After leaving her husband, court heard, she attended Algonquin College to train as a personal support worker.
She was hired by a nursing home.
The husband contacted the nursing home in February, court heard, to inform them of the assault charge and pending legal proceedings.
“As a result of her husband’s efforts,” the judge said, her employment was terminated.
In an interview, the woman said her supervisor cried the day she was let go.
“Her work was above reproach and we were saddened to see her leave because of her personal situation involving her ex-husband,” the home’s human resources officer wrote in a letter in April.
The official said the woman always kept her personal life separate from her work, “until the very end when it became impossible for her to hide.”
She has also worked part-time at a coffee shop, grocery store and a convenience store. Two of her managers testified as character witnesses, telling court about the “wonderful, caring” and “very sweet, easygoing” woman.
She was offered counselling through Ottawa Victim Services to deal with issues related to her husband’s alleged abuse.

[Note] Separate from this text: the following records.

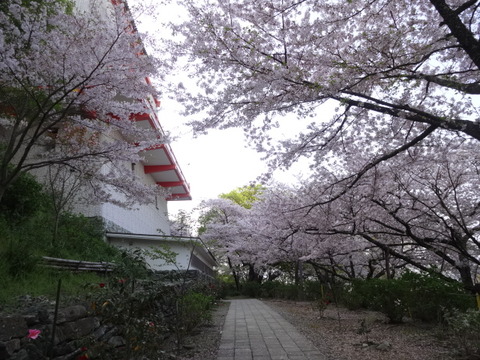 DSC04690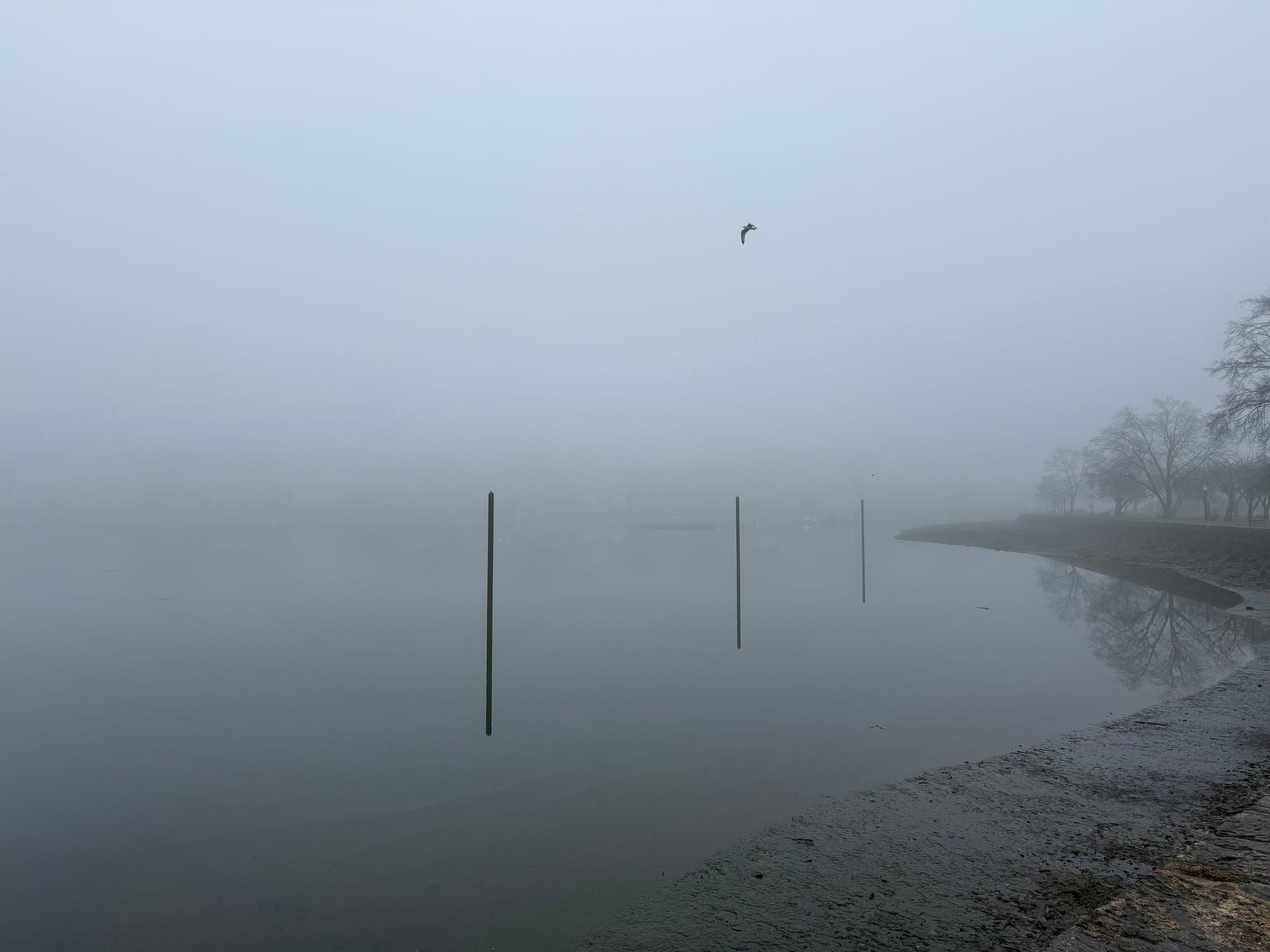 The Finite Scroll 003: Creating space for ideas, a fantastic co-op video game, WTF is happening with college kids and torpedo bats.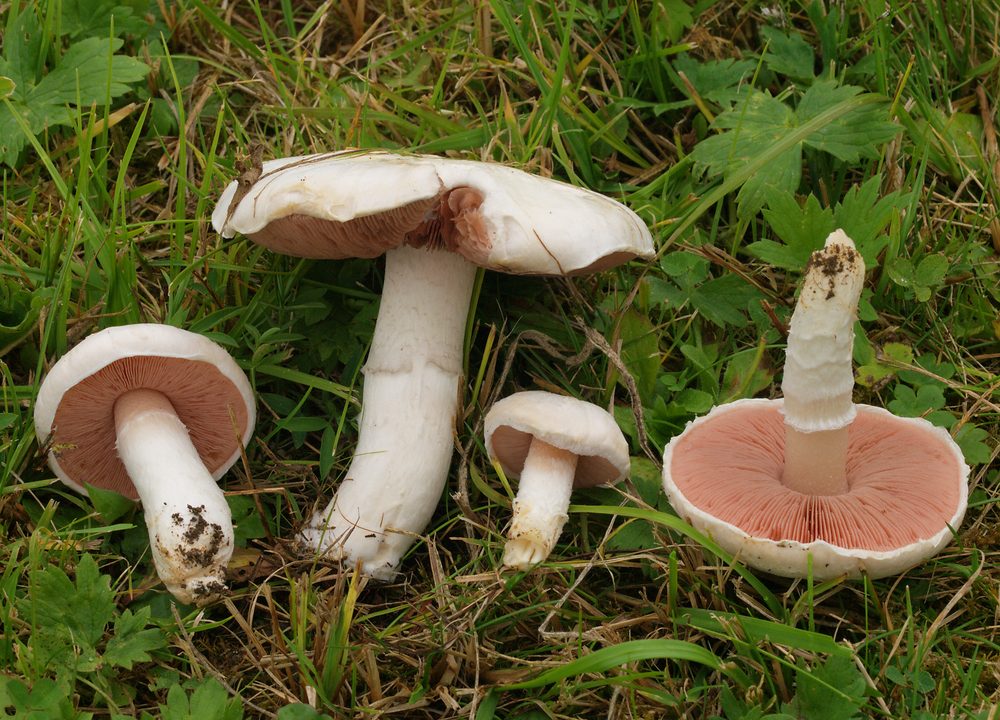 Foto: Wiesenchampignon
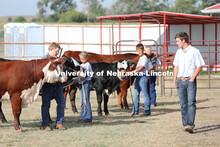 Showing cattle at the 4-H Logan County Fair in Stapleton, Nebraska. August 11, 2022. 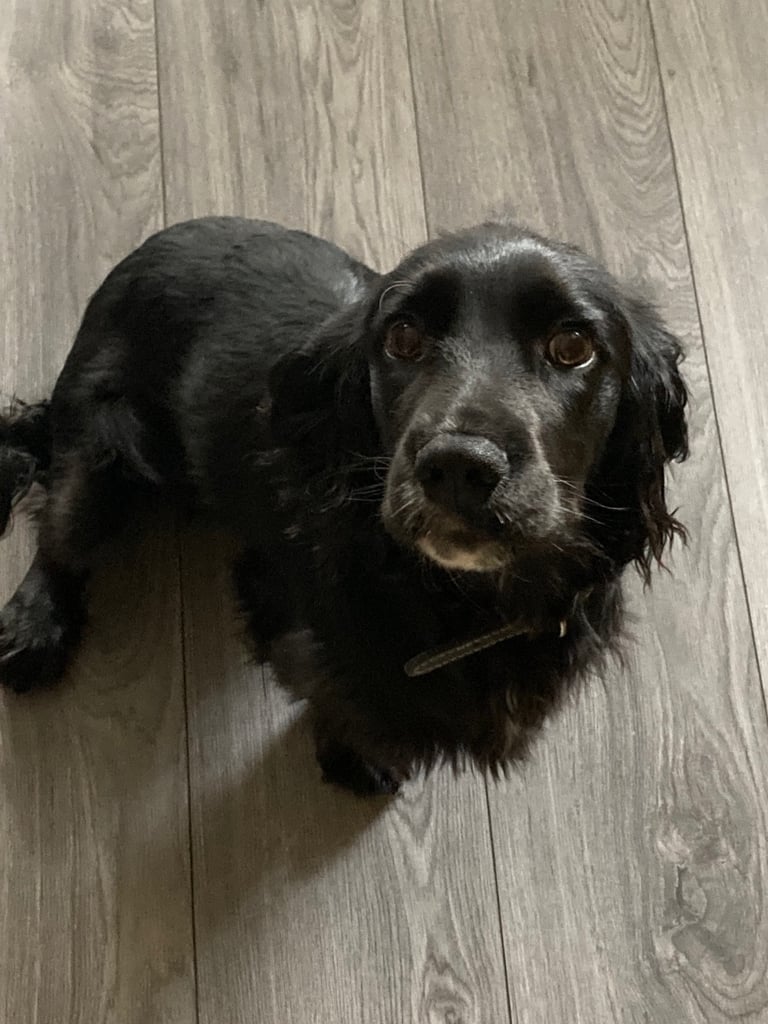 6 1/2 months male cockalier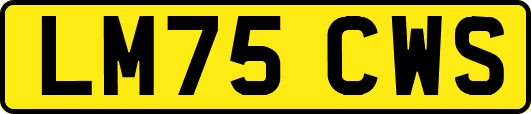 LM75CWS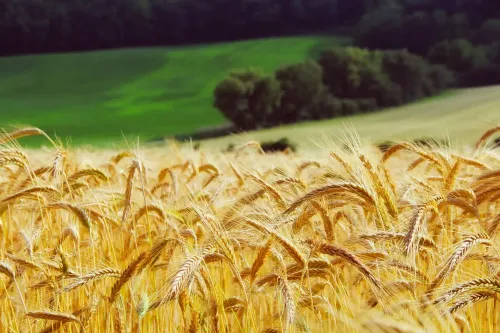 Himachal to Source and Sell Naturally Grown Wheat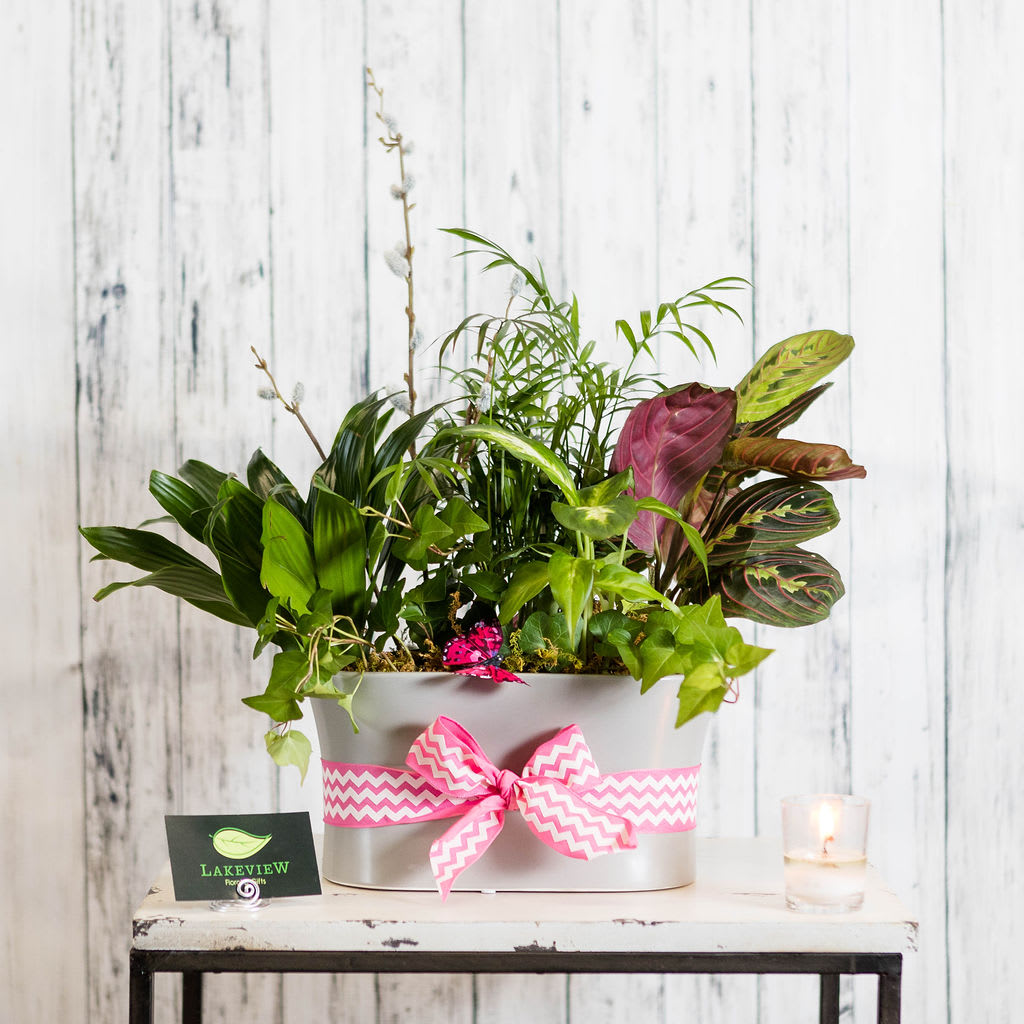 Rejuvenation  - Lush foliage plants designed with touches of pink, with a butterfly and a chevron bow. The perfect way to express spring fever!  Approximate Dimensions: 18&quot; W x 24 &quot; H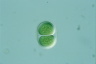 Chroococcus turgidus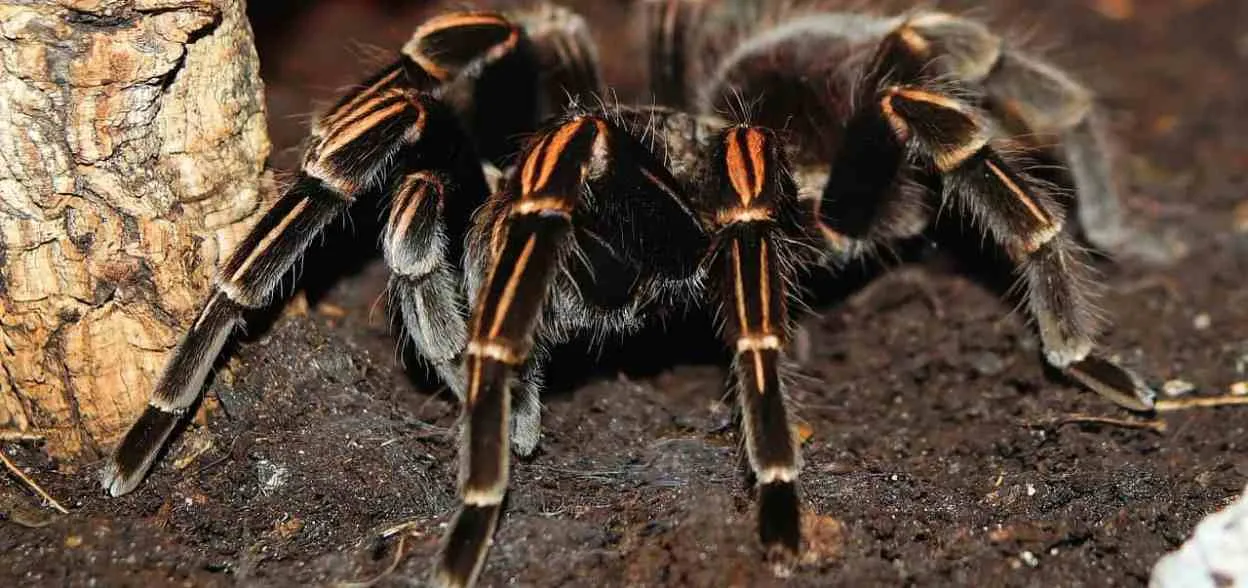 16786 water dish tarantula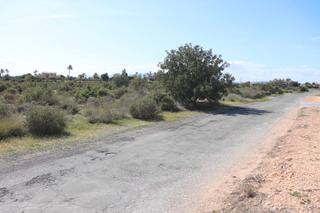 Finca rústica a Partida perleta 1184. Gran oportunidad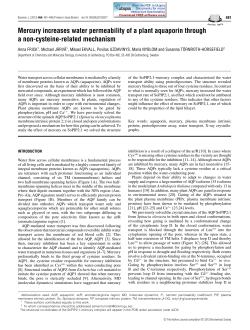 Mercury increases water permeability of a plant aquaporin through a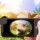 Baseus Lentes para Smartphone Standard (Grande Angular/Quadro + Olho de Peixe) - Item8
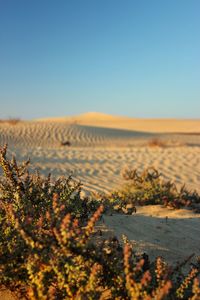 Scenic view of land against clear sky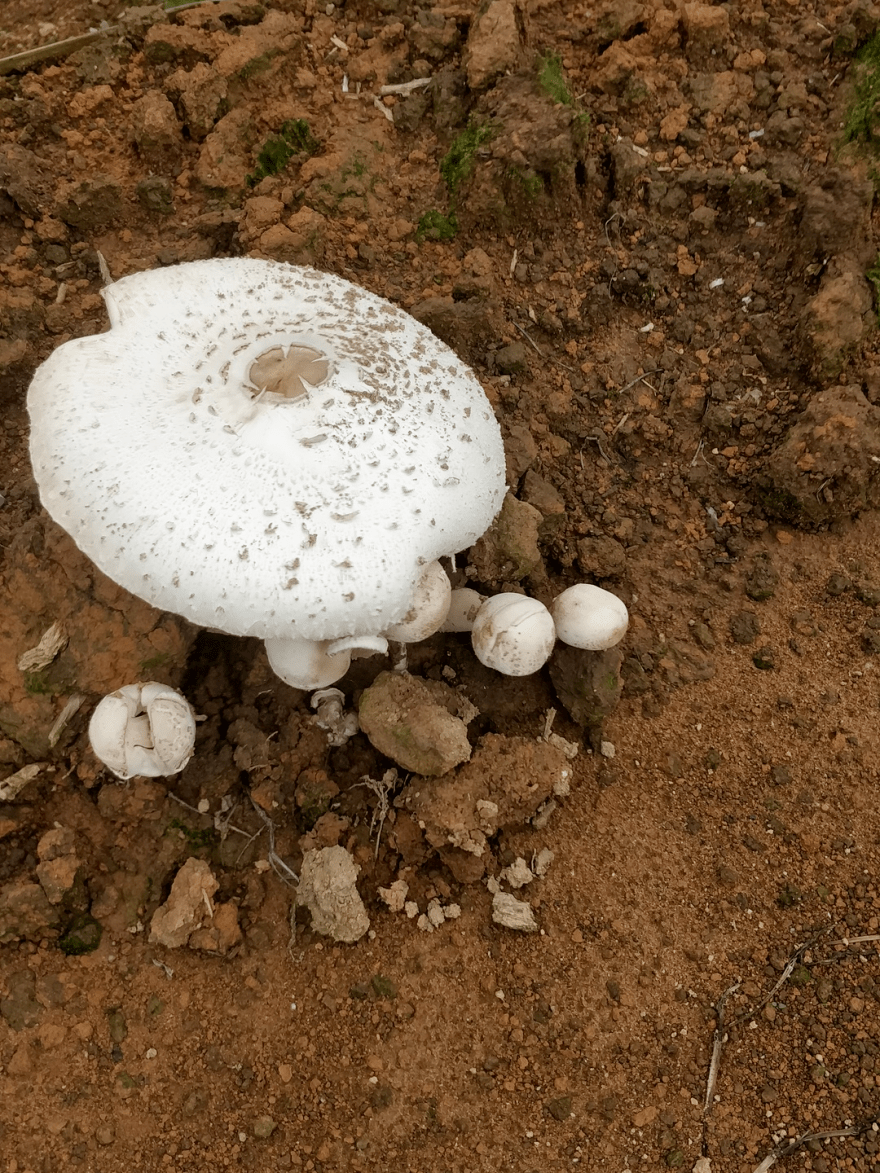 农村常见毒蘑菇图片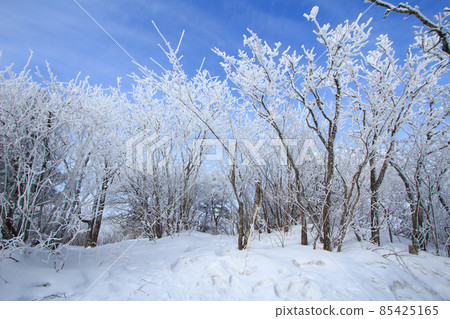 Snow Scenery of Balwangsan Mountain, Pyeongchang-gun, Gangwon-do 85425165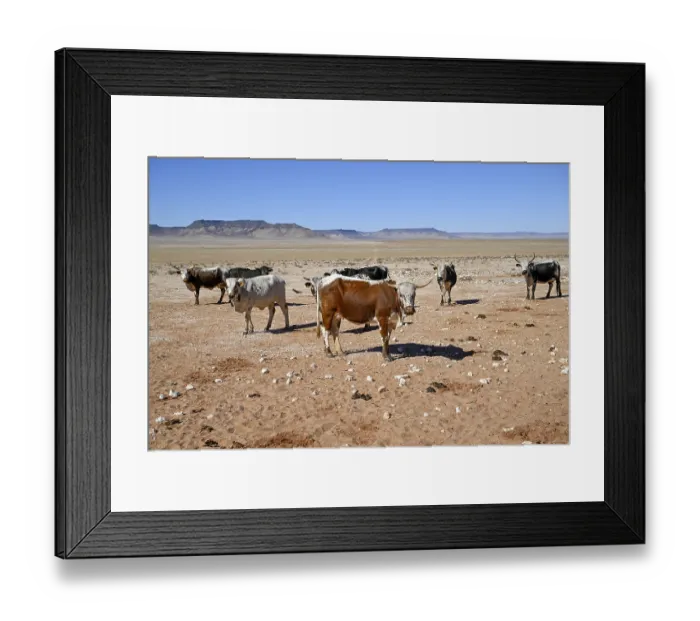 Framed Print : Cattle in the barren landscape near Aus
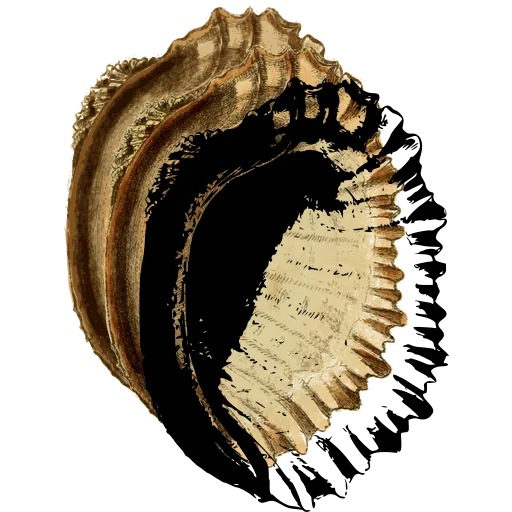 Knobbed conch shell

Her counsellor wrote the judge a letter saying the woman “has not conveyed a violent nature to me, but rather appears to be a caring, devoted parent to her three sons.”
She was given 12 months to pay a mandatory court-ordered victim fine surcharge of $100.
The Crown sought a sentence of 90 days in jail, which Doody dismissed as “completely disproportionate.”
“The defendant has suffered as a result of what she did,” the judge ruled, siding with the defence argument for a conditional discharge. “She lost a job which she had taken special training to qualify for. She remains unemployed. Her business of a daycare centre is no more.”
Doody said those factors alone would serve as a deterrent.
“She knows the result of committing an offence like this,” he said. “She acted out of character. She was suffering from unusual stress as a result of the abuse she had been experiencing from her husband.”
She has no prior criminal record, and Doody said a conviction would interfere with her potential employment as a personal support worker.
“It is clearly in her interest that she be granted a discharge,” he ruled. “In many cases it would be inappropriate to grant a discharge for an assault on a child in the offender’s care. I am satisfied that it would not be contrary to the public’s interest to do so in this case.”
During sentencing, the Crown argued it would be “unsafe” for the woman to ever be employed as a personal support worker, and complained the discharge would not be evident to a potential employer conducting a background check.
“That is not so,” the judge countered.
Doody explained the discharge would be discoverable by a “vulnerable sector check,” which is required for personal support workers. Her guilty plea and subsequent discharge will be logged in that database for three years.
“More than three years has passed since the date of the offence, and the defendant has not been charged with any further offences,” Doody ruled. “I do not believe there is a significant possibility the defendant would commit such an offence again.”
Though she was freed from the burden of her trial, the woman said she still lives in fear.
She has spoken with her lawyer and with her probation officer about the alleged domestic abuse, and has reported the continued threats to police.
She says she recently pulled a GPS tracking device from her car, though there is no evidence to suggest who placed it there.
“I can confirm that complaints were made to police. I don’t know whether police plan to charge him,” said Ertel, her lawyer. “The GPS claim seems to be independently confirmed by text messages and an uncanny ability to show up where she was.”
The husband did not answer questions asking about the GPS tracking device.
The woman still awaits a separate resolution on proceedings making their way through family court.
“I’m even afraid if I got full custody of my kids because I’m afraid he’s going to lose it,” she said. “As long as he has control of the kids everything is fine, and I just try to keep the peace as much as possible.
“But I am the mother of the kids and I will never, ever give up on the children.”